Here two authors approach a different space and a different form for thought that has ordinarily been unfolding in less virtual venues. Classroom, library, dorm room, café: four years, and these have been the spaces that have allowed and restricted new attempts at speech, new textual experiences, new relationships to objects, texts, conversation, critique, people. Whatever happens here takes its leave from these interactions, histories and the spaces in which they occurred, at the same time at it tests a new terrain for intellectual labor and collaboration.
This blog – it must be admitted, a weird non-space, all-space, new and yet already too familiar – forces us and hopefully whomever stops (lurks?) by to come to grips with the import of critique and the demands and desires from which it springs. Who is being addressed? What objects or cultural phenomena demand an analysis, and what type and form of analysis is appropriate?
Labyrinths of Belief is both an allusion to a certain philosophical orientation — a claim to a particular trajectory for the discipline that we inscribe ourselves within — as well as an intention to interrogate the locus of that self. The concept of the labyrinth allows both a generous fluidity in terms of methodological orientation at the same time as it posits, in advance, a textured and categorically fraught notion of the object(s) that will be subject to analysis.
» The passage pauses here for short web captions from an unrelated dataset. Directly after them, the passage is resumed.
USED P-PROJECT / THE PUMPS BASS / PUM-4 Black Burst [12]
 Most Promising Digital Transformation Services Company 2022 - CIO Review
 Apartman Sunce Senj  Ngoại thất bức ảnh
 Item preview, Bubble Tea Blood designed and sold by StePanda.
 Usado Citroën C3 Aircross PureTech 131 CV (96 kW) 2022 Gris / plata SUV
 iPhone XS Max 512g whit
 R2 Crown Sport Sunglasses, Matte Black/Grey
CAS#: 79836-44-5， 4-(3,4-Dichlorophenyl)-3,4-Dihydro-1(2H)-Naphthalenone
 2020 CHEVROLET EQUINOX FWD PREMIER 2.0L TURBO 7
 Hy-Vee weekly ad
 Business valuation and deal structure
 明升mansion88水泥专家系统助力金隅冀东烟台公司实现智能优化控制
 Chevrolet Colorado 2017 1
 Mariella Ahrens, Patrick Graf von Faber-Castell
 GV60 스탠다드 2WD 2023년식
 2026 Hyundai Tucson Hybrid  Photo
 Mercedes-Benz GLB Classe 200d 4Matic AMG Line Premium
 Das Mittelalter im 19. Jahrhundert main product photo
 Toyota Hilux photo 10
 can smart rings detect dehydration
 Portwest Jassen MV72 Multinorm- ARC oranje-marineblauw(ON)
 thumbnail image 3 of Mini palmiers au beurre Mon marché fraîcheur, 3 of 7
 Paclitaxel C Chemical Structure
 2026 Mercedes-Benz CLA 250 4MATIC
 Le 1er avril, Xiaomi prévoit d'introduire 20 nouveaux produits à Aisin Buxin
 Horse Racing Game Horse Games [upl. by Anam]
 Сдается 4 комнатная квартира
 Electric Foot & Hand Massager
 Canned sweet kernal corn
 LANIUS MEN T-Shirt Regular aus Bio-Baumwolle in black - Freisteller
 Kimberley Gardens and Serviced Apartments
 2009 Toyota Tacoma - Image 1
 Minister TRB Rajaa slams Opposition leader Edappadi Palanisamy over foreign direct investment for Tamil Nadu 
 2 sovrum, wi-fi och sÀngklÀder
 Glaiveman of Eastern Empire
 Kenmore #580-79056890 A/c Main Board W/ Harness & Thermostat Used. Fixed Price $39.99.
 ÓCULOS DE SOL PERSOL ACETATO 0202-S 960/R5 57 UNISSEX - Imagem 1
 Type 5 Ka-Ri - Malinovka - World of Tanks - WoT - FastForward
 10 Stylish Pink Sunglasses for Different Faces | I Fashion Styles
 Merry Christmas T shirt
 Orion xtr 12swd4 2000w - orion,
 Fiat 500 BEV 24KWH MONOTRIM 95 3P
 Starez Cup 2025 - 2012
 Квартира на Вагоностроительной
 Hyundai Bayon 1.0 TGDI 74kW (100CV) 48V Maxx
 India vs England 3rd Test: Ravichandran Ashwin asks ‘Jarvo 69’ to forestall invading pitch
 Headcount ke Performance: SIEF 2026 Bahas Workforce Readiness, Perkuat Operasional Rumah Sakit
The concept of “belief” works for us in two ways: first, as the reassertion of the importance of ideology as an instrumental and unavoidable concept for understanding cultural and political phenomena today; and second, as a nod to and acknowledgement of the thought and thinkers with whom we are working; in other words, we “believe in” the methods and modes of seeing outlined by certain names in the history of criticism. Hence it goes without saying that implicit in any work undertaken here is a certain positioning, a friendship with philosophers such as Nietzsche, Lacan, Zizek, Foucault and Heidegger. A kinship in the aporetic investigation of knowledge. An investigation that seeks not merely to probe areas in which a form of belief is operating which we would seek to uncover through a form of critique that exposes its production and its erotics; rather, an investigation that seeks to embed itself critically and reflexively in the realignment that it subjects knowledge to by the very exercise of that knowledge coming to know itself.
We invite you all to follow us in to this labyrinth as we turn over objects ranging anywhere from episodes of House to congressional hearings to Kant’s Critique of Pure Reason.